Да это те же самые чайки, которые кричали, которые звали меня в Атлантическом океане в тот день, когда мне стало совершенно ясно, что я не исцелился, что я по-прежнему в тисках и мне надо что-то сделать. Кончена блестящая карьера, но кончены также и неистовство и судорожные рывки. Надо покориться и признать себя виновным. Надо жить в мешке.
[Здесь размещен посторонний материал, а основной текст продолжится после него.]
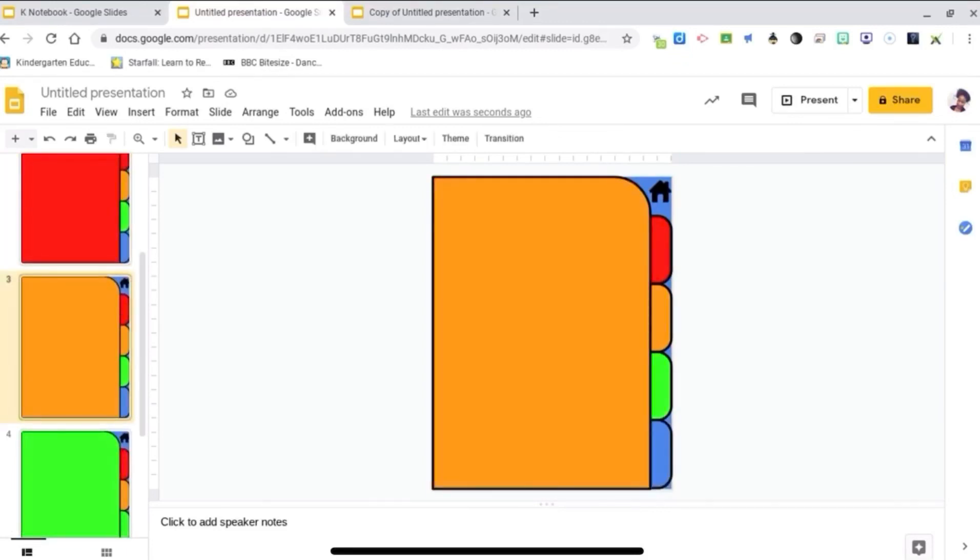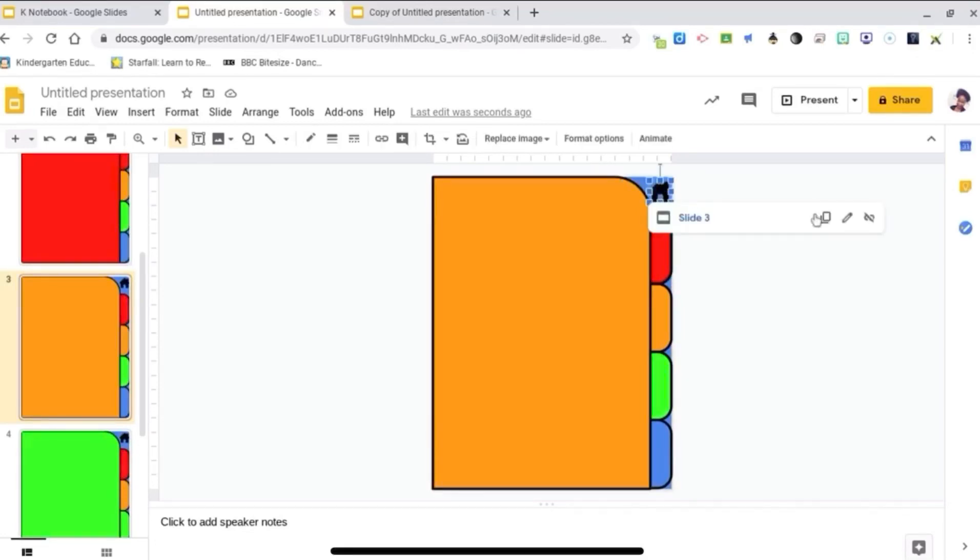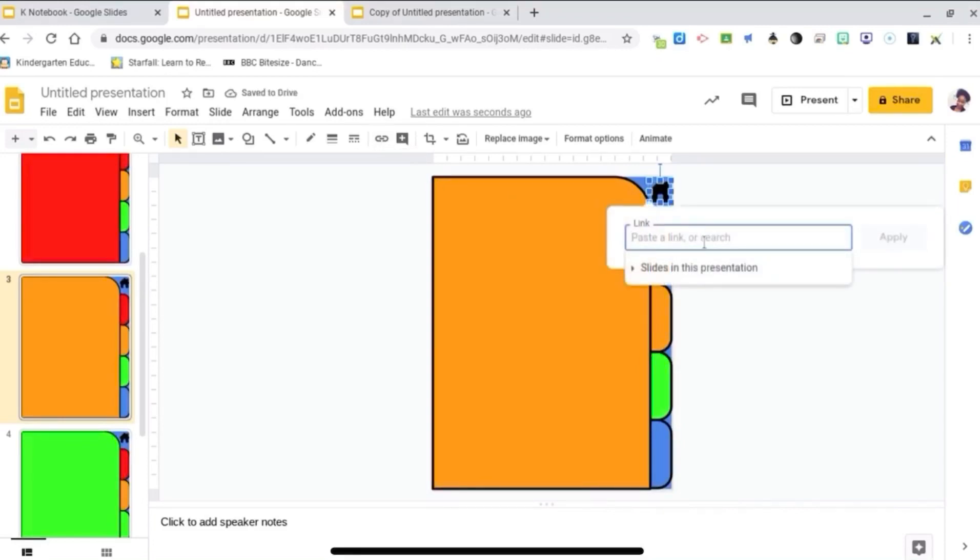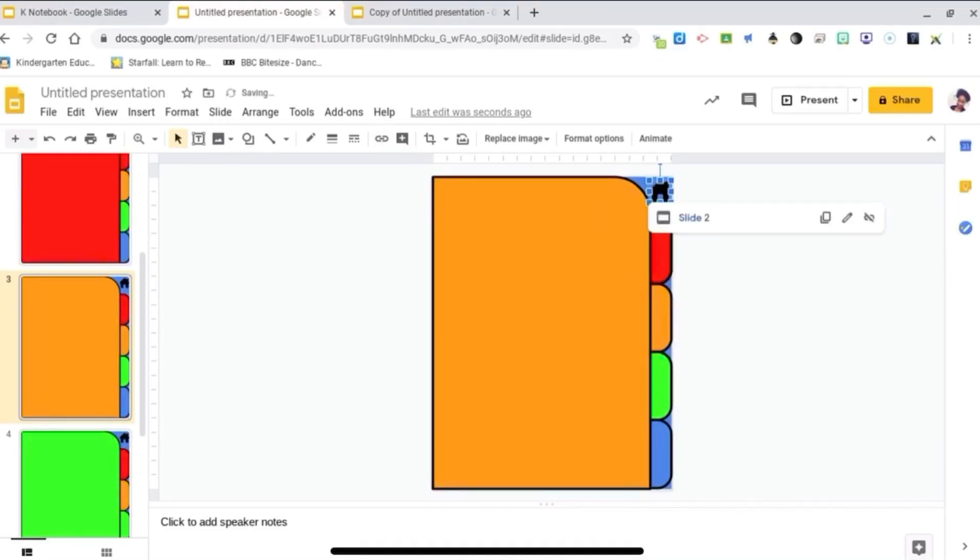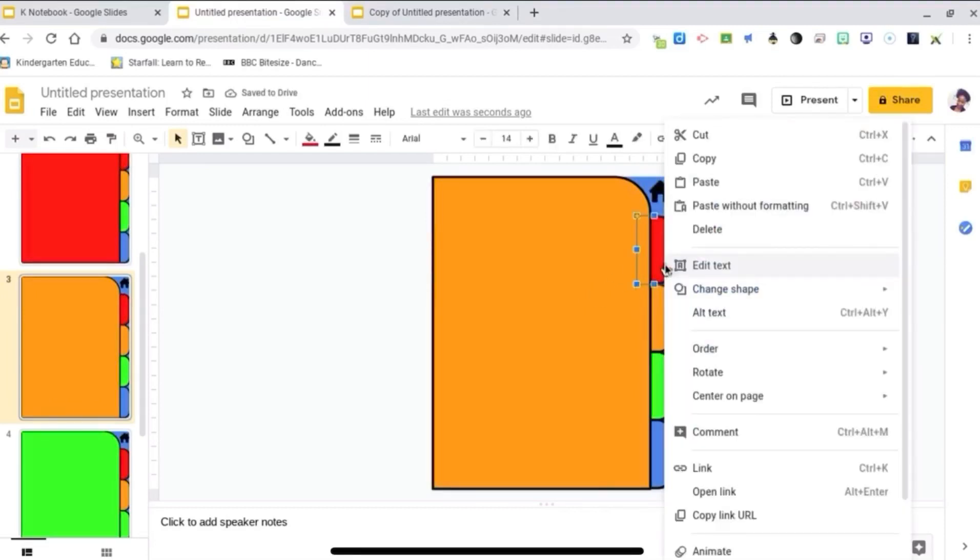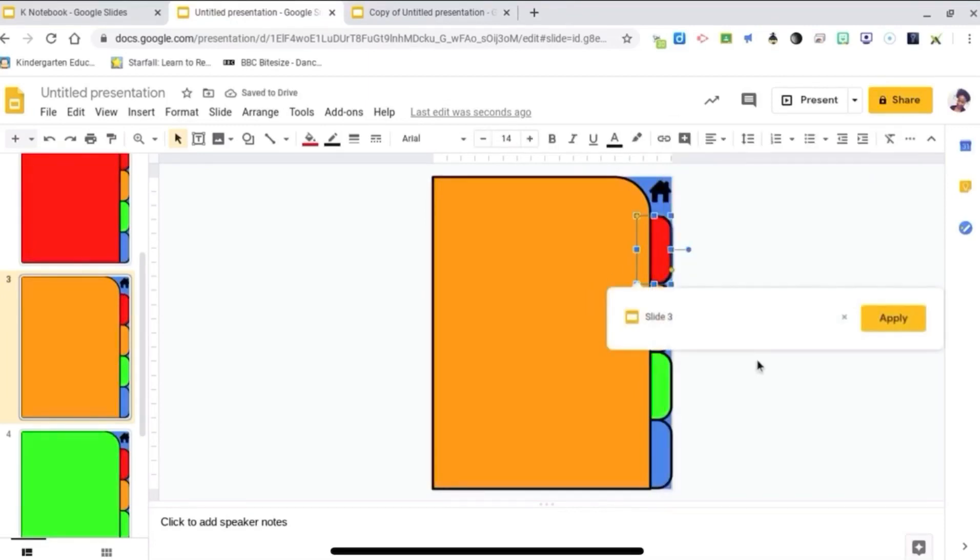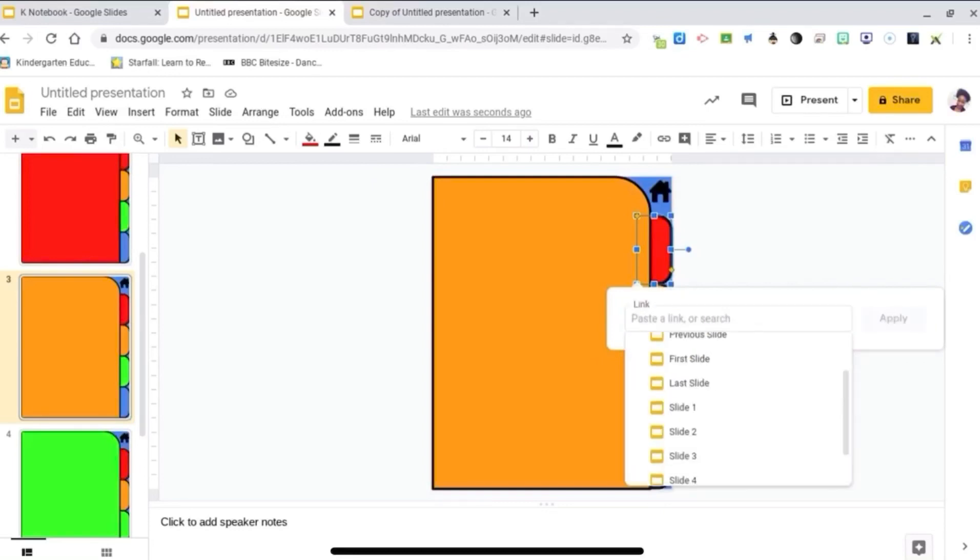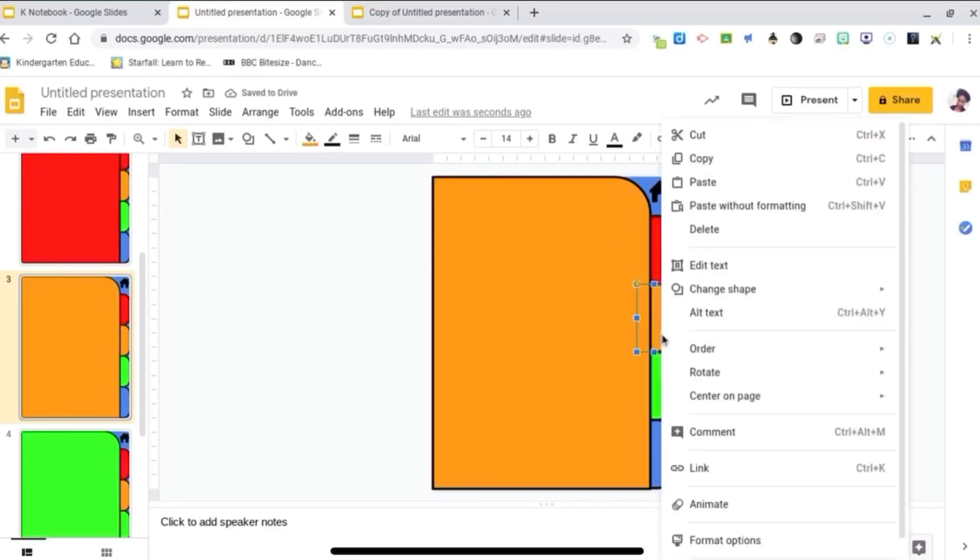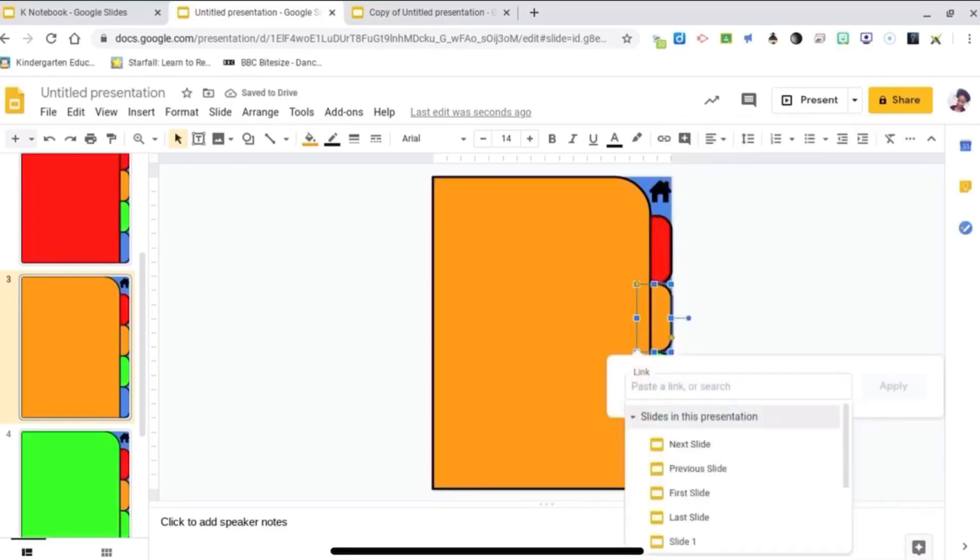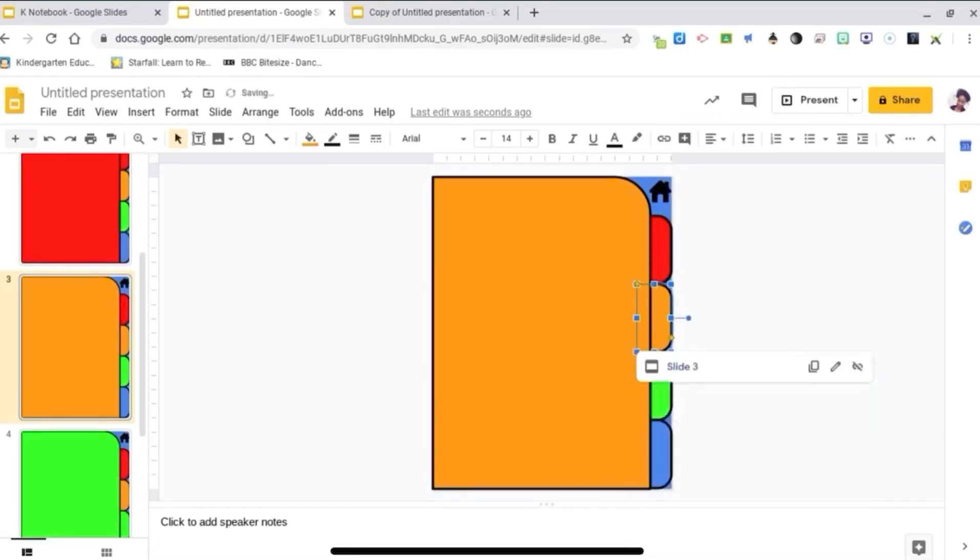So we're going to go to the orange page and do the same thing. I'm going to take this link out and link it back to slide 2, because that's the home page. This red tab is going to go back to slide 2, and orange is going to go to slide 3, and green is going to go to slide 4.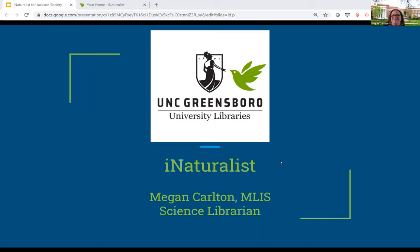Hi, I'm Megan Carlton, the science librarian here at UNC Greensboro, and today I'm going to walk you through iNaturalist, which is an app that's used a lot for citizen science projects.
Да, правда, вы не знаете, что такое «мешок»! Так называли в средние века каземат подземной темницы. Обычно заключенного бросали туда на всю жизнь. Этот каземат отличался от других камер остроумно вычисленными размерами. Он был недостаточно высок, чтобы можно было выпрямиться во весь рост, и недостаточно длинен, чтобы можно было лежать. Приходилось поневоле жить там скрючившись, «по диагонали», сон сваливал человека с ног; бодрствуя, он вынужден был сидеть на корточках. Друг мой, какая это была гениальная находка. Так просто, а вместе с тем гениально, я говорю это, взвешивая свои слова. Непрестанная, вынужденная неподвижность, от которой затекало онемевшее тело, заставляя осужденного смиряться с мыслью, что он виновен, а невиновность дает право весело потянуться. Можете вы себе представить в таком «мешке» человека, привыкшего к горным высотам и верхним палубам? Что? Разве можно было жить в таких казематах и быть невиновным? Невероятно, совершенно невероятно! А иначе разобьется весь ход моих рассуждений. Чтобы невиновному да пришлось жить, превратившись в горбуна, — нет, я отказываюсь допустить хотя бы на минуту подобную гипотезу! Впрочем, нельзя никого считать невиновным, зато с уверенностью можно утверждать, что все мы виноваты. Каждый человек свидетельствует о преступлении всех других — вот моя вера и моя надежда.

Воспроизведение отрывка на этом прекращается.